The government’s £11 billion roll-out of smart meters must be judged by the long-term benefits it offers consumers, energy minister Jesse Norman has insisted.
The programme, which has been dogged by a number of high profile setbacks and disparaging comments from energy suppliers, was the subject of a number of questions during this morning’s Business, Energy and Industrial Strategy oral and topical questions session in the House of Commons.
“I find the minister was a touch complacent with his earlier answer on smart meters. Given this is going to cost the taxpayer £11 billion by the end of this parliament, what’s he going to do about the fact they don’t work when a customer switches supplier?” Labour MP Steve McCabe asked.
McCabe was responding to a report in The Times (£) yesterday which claimed that a fifth of households stood to be fitted with smart meters that may not work as expected should the consumer switch supplier due to a delay in the rollout of ‘Smets2’ software, which enables meters to communicate.
However Norman insisted that the controversial and behind-schedule rollout of smart meters must be judged by the benefits it would offer consumers over the long term.
“Of course the smart meter programme is to be judged by its long term effects as well, it will save £46 billion by the end of that decade,” he said.

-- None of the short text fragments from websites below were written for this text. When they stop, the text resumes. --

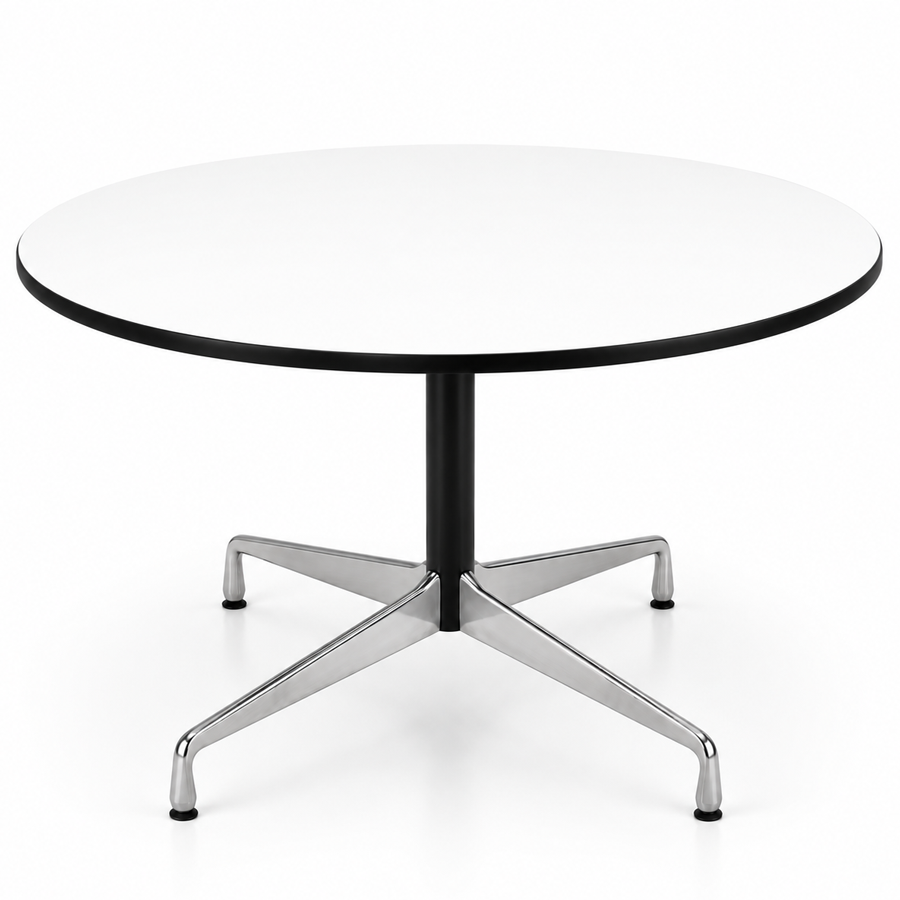 Vitra Segmented Meeting Table Round Refurbished Ø110 / Ø130cm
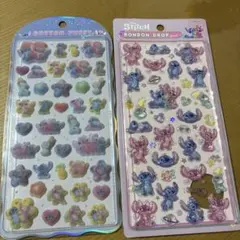ボンボンドロップシール キャラクターグッズ スティッチ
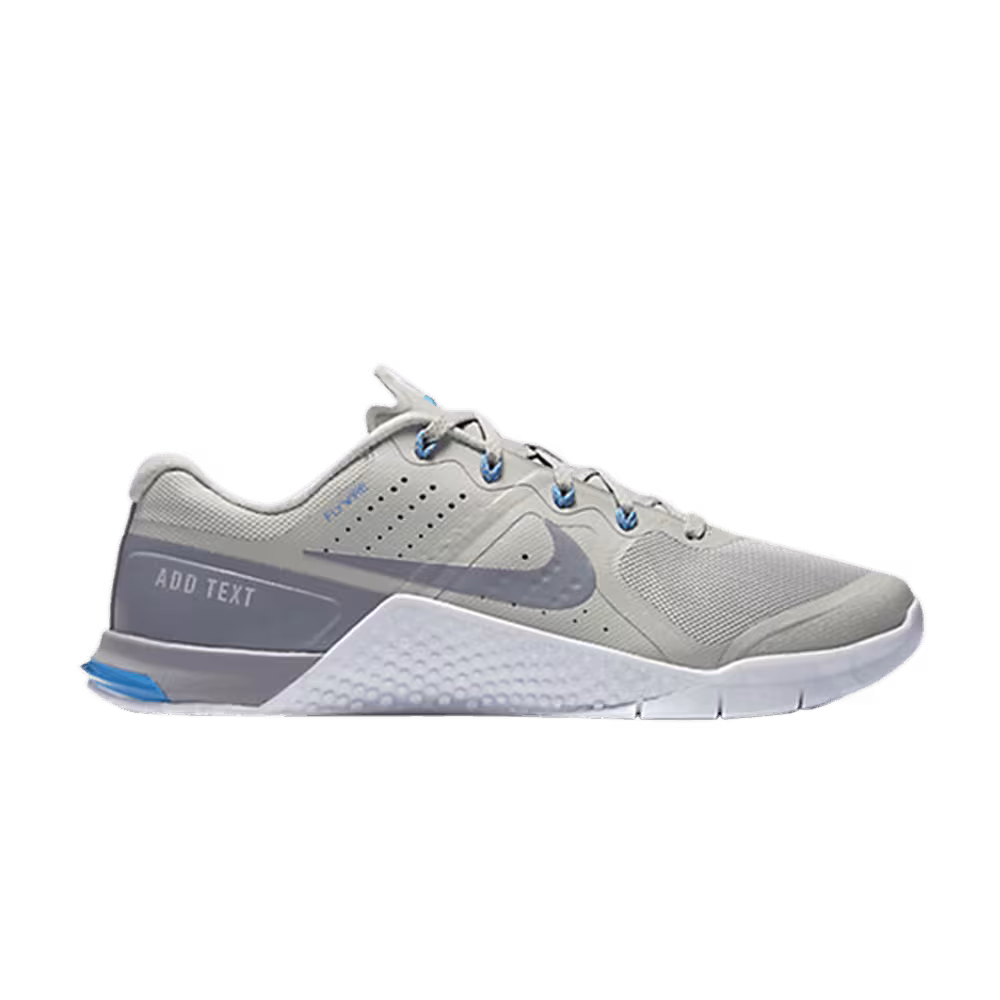 Nike Metcon 2 AMP Pale Grey Blue Glow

Earlier in the session Labour MP Albert Owen had also questioned Norman on the smart meter roll-out, referencing how suppliers including SSE had cited the smart meter roll-out to be behind increases in energy bills.
“The country needs 21st century systems like smart metering. Can the minister update the house on the progress of the rollout, and can he have a word with energy companies to stop them blaming this government for smart metering being a part of the hike in energy prices?”
Norman once again defended the roll-out and offered a rebuke to those suppliers blaming tariff increases on the programme.
“We are in no doubt at all about the need for energy companies to bear down on energy prices and, as they will be aware, the cost of policy is a relatively small part of those prices,” he said.
The programme, which intends to see all domestic and commercial properties in the UK fitted with a smart meter by 2020, has been the subject of various negative headlines in recent weeks.
SSE had to publicly reassure customers earlier this month after a routine software upgrade caused some meters to malfunction, displaying daily bills up to tens of thousands of pounds for some customers.